SUPRA models demonstrated a capacity to maintain performance beyond their training context lengths, a trait typically associated with recurrent models. However, transformers without modifications generally outperformed SUPRA models at their maximum training context length. This indicates that while SUPRA models are effective, there is room for improvement in handling very long contexts.
Key Insights and Comparisons
One significant finding was the importance of normalization in maintaining model performance during uptraining. SUPRA's use of GroupNorm instead of softmax normalization provided better stability and performance, particularly in larger models.
The experiments showed that pre-training a linear model on a vast dataset still yields better results compared to fine-tuning a softmax model trained on the same budget. This underscores the advantage of starting with strong pre-trained transformers and using the SUPRA method for efficient conversion.

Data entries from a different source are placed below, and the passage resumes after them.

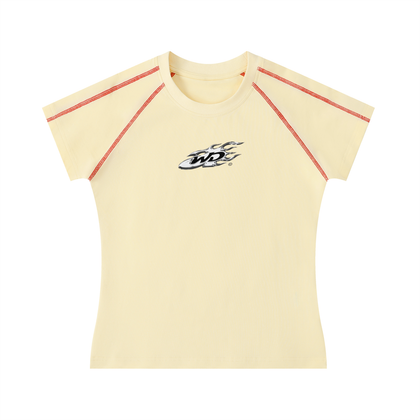 Women's Contrast Stitch T-Shirt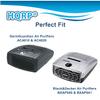 HQRP 4-pack HEPA Filter A compatible with GermGuardian FLT4010 Replacement fits AC4010 / AC4020 series Table Top models view 4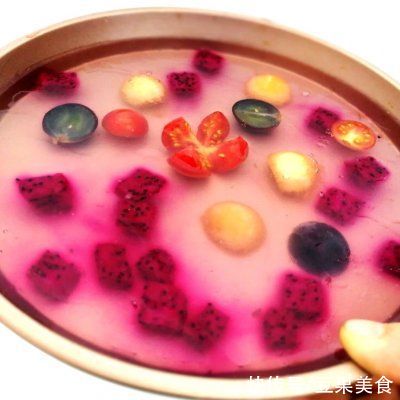 30g白凉粉|这道酷爽冰果冻蛋糕真的是不讲究，有啥放啥都好吃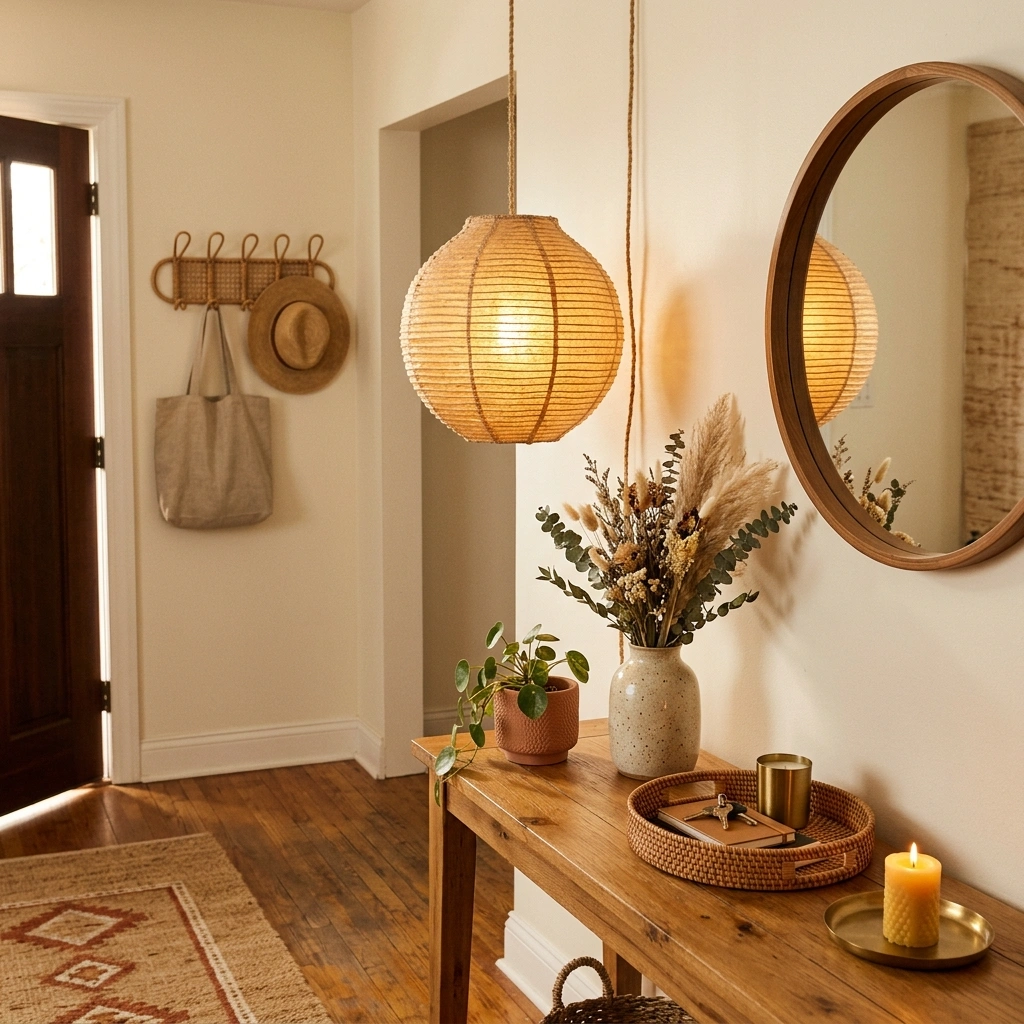 11. Paper Lantern Pendant for Diffused Warmth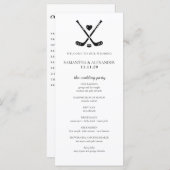 Hockey Liefde Ceremonie Programma (Voorkant / Achterkant)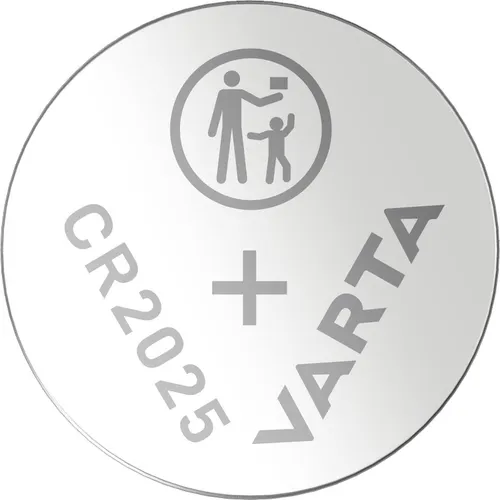 VARTA CR 2025 Lithium-Knopfzelle 3V - 170 mAh für zuverlässige Energie in Hörgeräten, langlebig und ideal für tragbare Geräte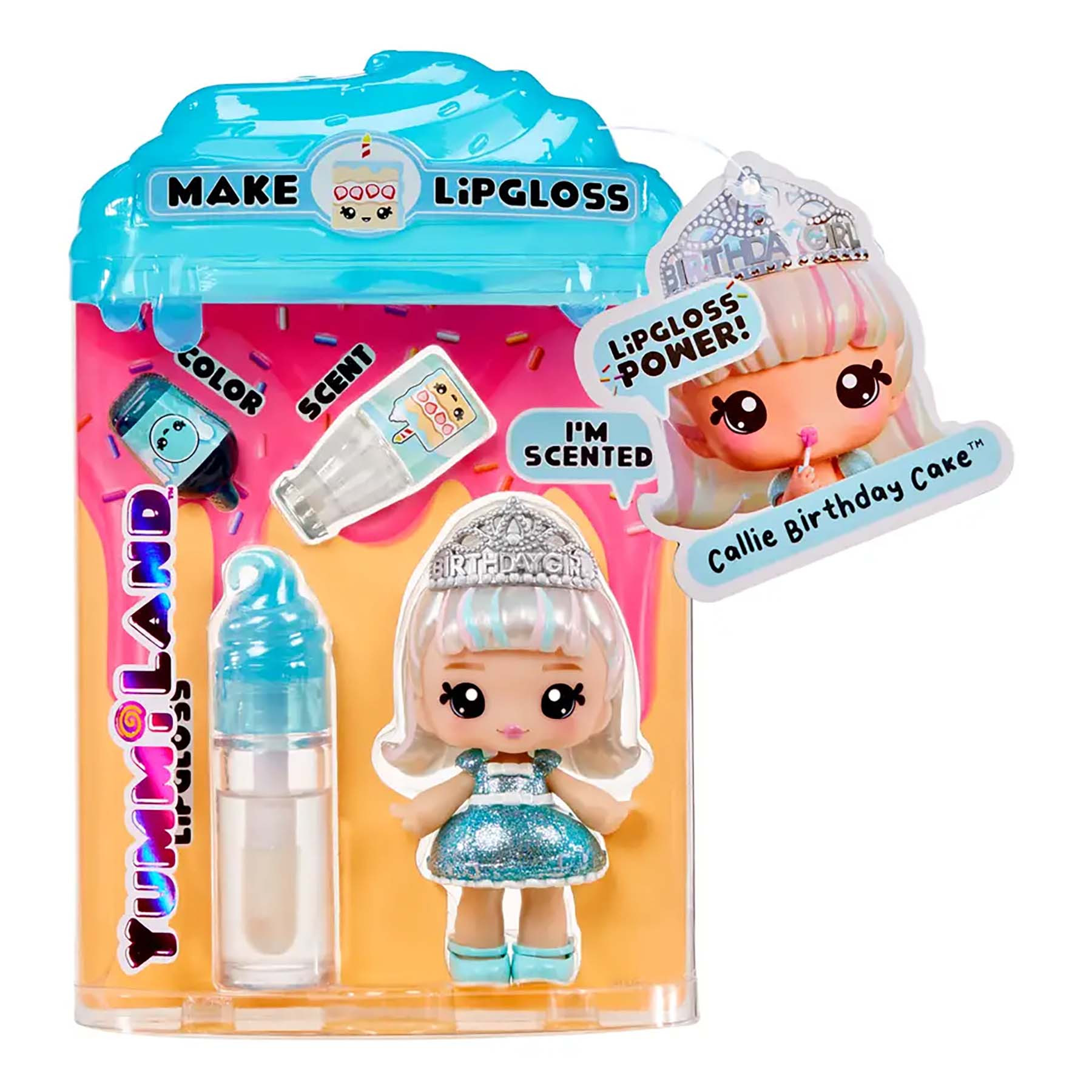 Yummiland Maak je eigen Lipgloss Pop - DIY - Cally Birthday Cake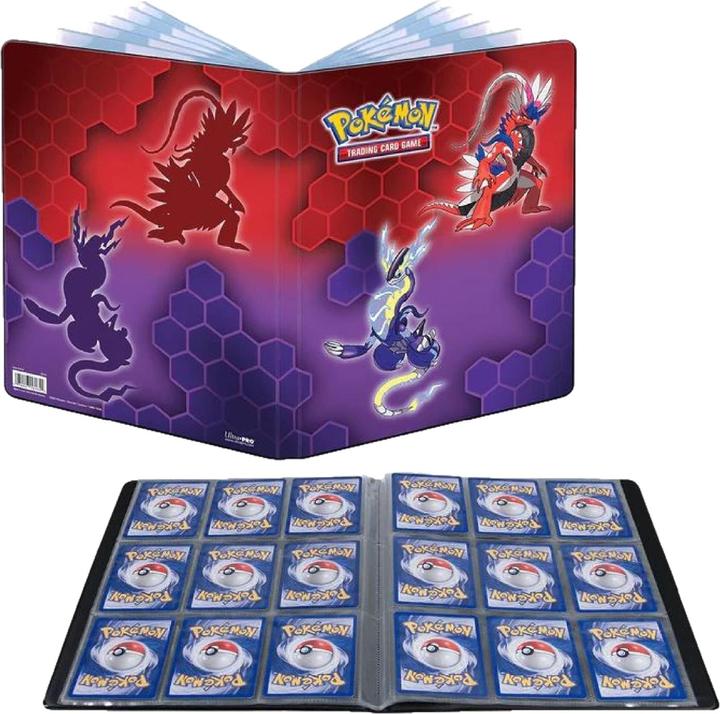 Actual product image Ultra Pro Pokémon180 Card Album TCG Folder Koraidon & Miraidon
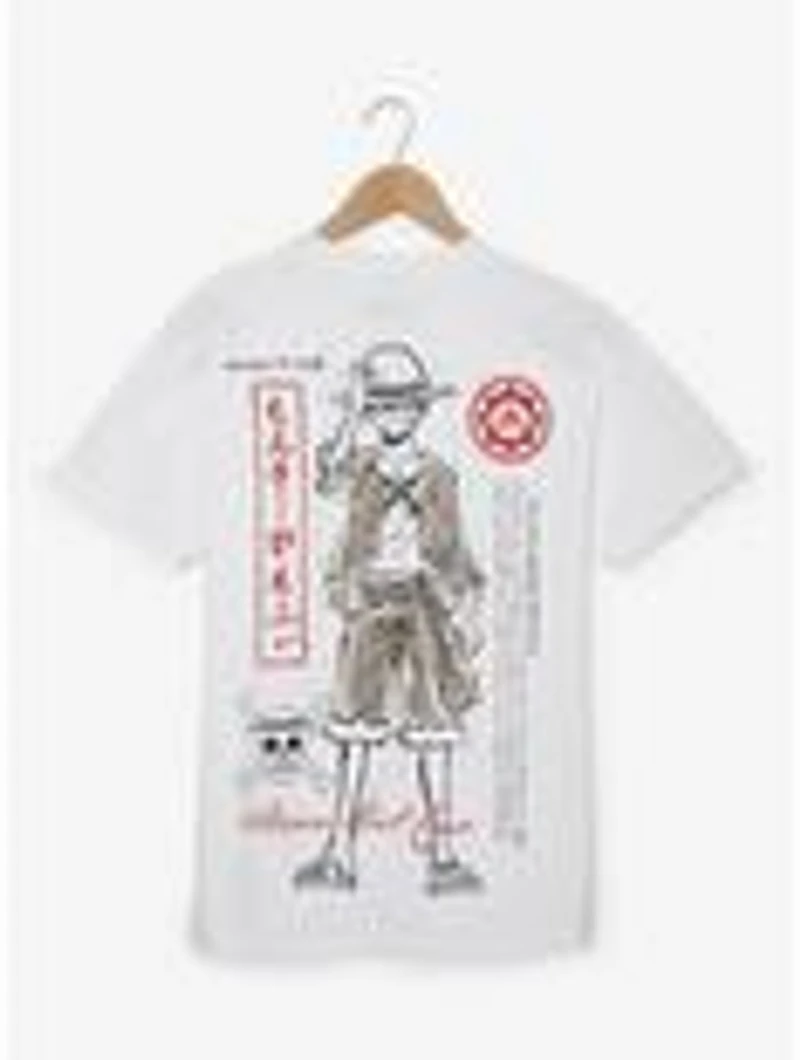One Piece Luffy Ink T-Shirt — BoxLunch Exclusive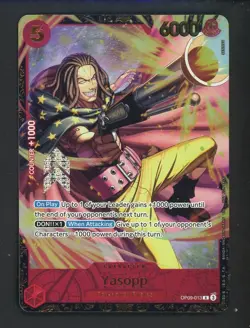 2025 ONE PIECE PROMOS #013 YASOPP OFFICIAL EVENT TOP PRIZE - Image 1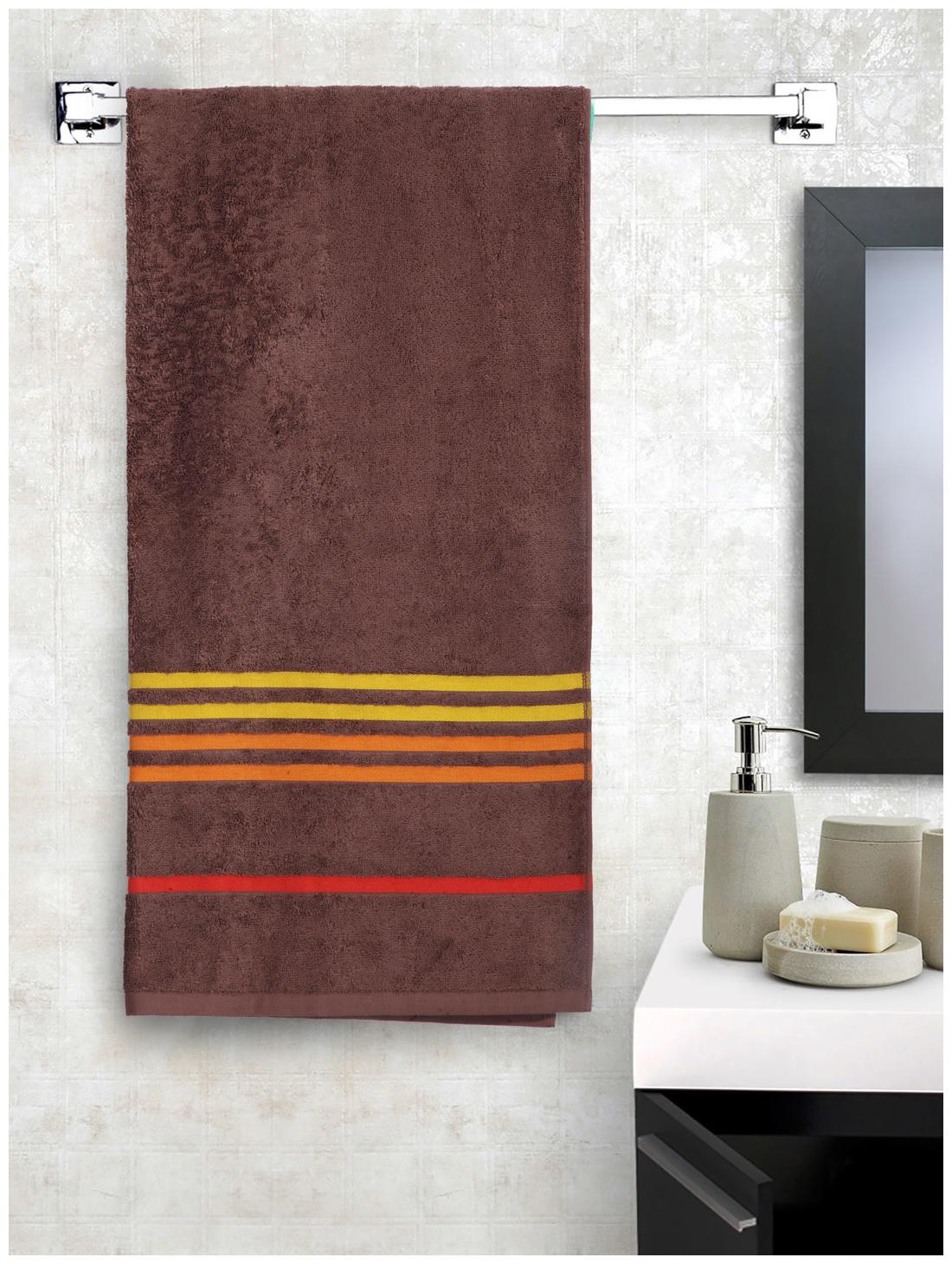 

Portico New York 550 GSM Cotton Bath towel ( 1 piece Brown )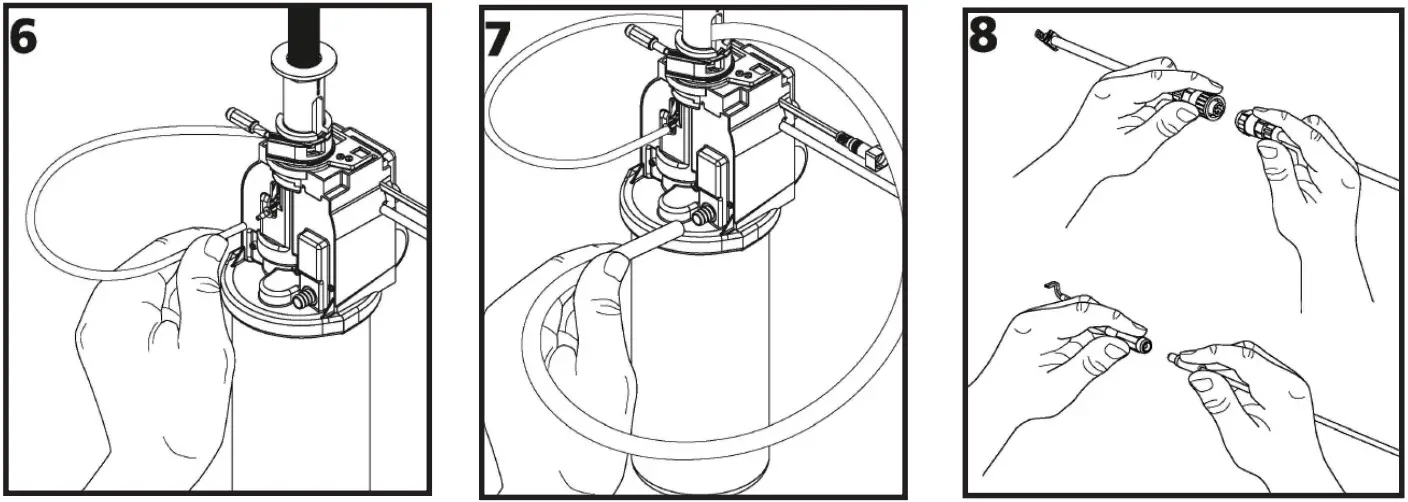 SLOAN ESD 124 Top Fill Soap Dispenser - Counter prep 4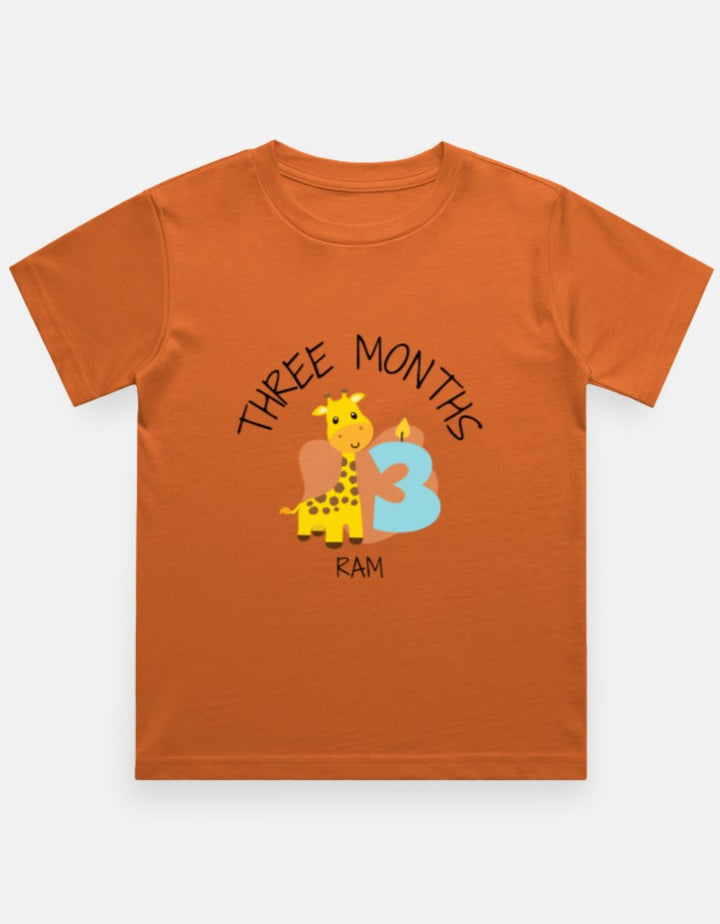 Baby 3 Month Milestone T-Shirt - Personalized Monthly Tee – Custom from Glamlittles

Despite the promising results, SUPRA models exhibited persistent performance gaps in in-context learning tasks like MMLU. This suggests that linear models, even when uptrained from robust transformers, may have inherent limitations that need addressing through more sophisticated mechanisms or training strategies.
Conclusion
The SUPRA method provides a cost-effective and efficient approach to leveraging pre-trained transformers for tasks requiring recurrent neural networks. By converting transformers to RNNs, SUPRA maintains high performance on standard benchmarks and shows potential for long-context tasks. However, further research is needed to fully overcome the limitations in in-context learning and long-context performance.